Robert Brown writes:
> drieux writes:
> > the alternative of course is the simpler problem of
> > permissions, and that the web-server can not actually
> > read the file. Do you have a piece of test code that
> > merely opens and reads it?
I have a very simple utility -- actually a debug tool I wrote over a
year ago -- that likewise no longer works:
#!/usr/bin/perl
# get_dbm_record.pl <filename> <key> -- output data for <key> on stdout
$filename = shift;
$key = shift;
dbmopen(DBM, $filename, undef) || die "cannot open $filename: $!";
$record = $DBM{$key};
print $record;
Here is the file I am trying to read:
# ls -l login.db
-rwxrwxrwx 1 apache apache 12288 Aug 26 08:12 login.db
(I even did a chmod 777 on it so perms could not be the problem)
This is what happens when I try to run this little script:
# get_dbm_record.pl login.db "rj"
cannot open login.db: at /bin/get_dbm_record.pl line 8.
BTW line 8 is:
dbmopen(DBM, $filename, undef) || die "cannot open $filename: $!";
So it is not a case of a key that does not exist.
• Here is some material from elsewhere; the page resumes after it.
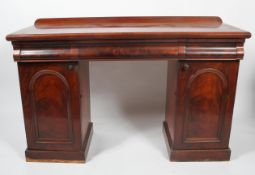 A Victorian mahogany sideboard, with three cushion shaped frieze drawers, with short gallery back,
The "improvement squad" in perl-land just broke dbmopen(); there is no
nicer way to put it. If they wanted a better way to do it, fine, but
please do not break legacy stuff just because a more elegant way comes
along. Add the elegance, but keep the stuff people are already
depending on in production code. Don't gratuitously break stuff that
has worked for years!
I have no idea how many perl scripts have been broken by this little
"improvement". I can only fix them as they come to light. But I
cannot even fix them if I do not have another way to make it work.